Le mécanisme de garantie évalué par la BAD vise à couvrir le risque de défaut de paiement de l'État camerounais sur le principal ou les intérêts d'un prêt ESG. Les ressources ainsi mobilisées devront être affectées exclusivement à des dépenses ou à des projets répondant aux critères environnementaux et sociaux définis dans le cadre de financement durable du Cameroun. Les secteurs ciblés comprennent notamment la santé, l'éducation, l'eau et l'assainissement, les énergies renouvelables et l'agriculture durable. Selon le rapport d'évaluation de la Banque, les sous-projets éligibles ne sont toutefois pas encore déterminés à ce stade. Ils devront s'inscrire dans une trajectoire compatible avec les priorités de la Stratégie nationale de développement (SND30).

Mais avant le déploiement de cette garantie, la BAD a procédé à une évaluation du système national de gestion environnementale et sociale du Cameroun. Cette étape devait permettre de vérifier si le dispositif réglementaire et institutionnel du pays offre un cadre suffisamment solide pour prévenir et gérer les risques susceptibles d'être associés aux projets financés grâce à la garantie.

Un système national jugé acceptable, mais avec des réserves

Au terme de cette évaluation, la BAD considère que les quatre piliers fondamentaux du système camerounais existent et sont pertinents, ce qui rend le dispositif national " acceptable " pour gérer les risques environnementaux et sociaux liés au projet. La Banque relève notamment l'existence d'un cadre réglementaire permettant de classer les projets en fonction de leur niveau de risque, ainsi que de mécanismes de consultation des parties prenantes et de renforcement des capacités des acteurs concernés.

La garantie est néanmoins classée par la BAD en catégorie A au regard des risques environnementaux et sociaux potentiels, compte tenu de la nature des dépenses susceptibles d'être financées, notamment dans les infrastructures, l'énergie, le transport ou encore le logement. À ce stade, aucune étude d'impact environnemental ou social ni aucun plan de réinstallation spécifique n'est toutefois requis avant l'approbation de la garantie, les sous-projets devant être financés n'étant pas encore identifiés.

L'évaluation fait cependant ressortir plusieurs points de fragilité du dispositif camerounais. Le principal concerne l'expropriation et la réinstallation des populations. La législation nationale prévoit l'indemnisation principalement pour la perte de terres bénéficiant d'un titre de propriété légal, sans imposer de manière générale la préparation d'un plan de réinstallation ni garantir le respect du principe du coût intégral de remplacement.

Pour remédier à cette insuffisance, la BAD recommande de compléter les dispositions nationales par l'application de sa propre sauvegarde opérationnelle relative à l'acquisition des terres et à la réinstallation involontaire. Une autre faiblesse concerne le mécanisme de règlement des plaintes. La Banque estime que la législation camerounaise ne met pas suffisamment l'accent sur le règlement amiable des litiges et recommande la mise en place de mécanismes locaux indépendants permettant de traiter les réclamations des populations concernées.

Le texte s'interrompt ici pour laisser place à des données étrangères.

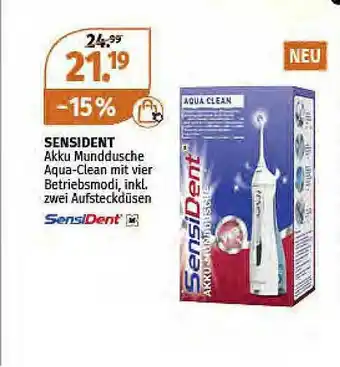 Müller Sensident Akku Munddusche Aqua-clean Mit Vier Betriebsmodi Angebot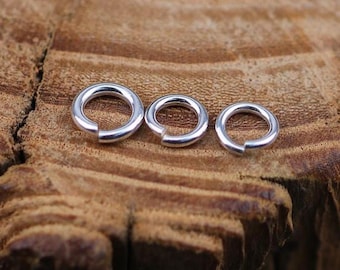 6mm 7mm 8mm Thick (18 Gauge) Sterling Silver Jump Rings Open F29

Ces réserves n'empêchent pas la poursuite du processus, mais elles impliquent plusieurs mesures correctives avant et pendant la mise en œuvre de l'opération. Avant la présentation de celle-ci au Conseil d'administration de la BAD, le Cameroun devra notamment désigner un spécialiste environnemental et un spécialiste social au sein du comité interministériel chargé du dossier. Ces désignations devront intervenir dans un délai de trente jours suivant la mise en vigueur du projet. Les capacités de ce comité devront également être renforcées dans un délai de soixante jours.

Le dispositif prévoit en outre la mise en place d'un budget dédié aux activités environnementales et sociales ainsi que la production d'un rapport de suivi trimestriel. Ces exigences doivent permettre à la BAD de s'assurer que les ressources garanties seront utilisées conformément aux engagements environnementaux et sociaux associés au financement.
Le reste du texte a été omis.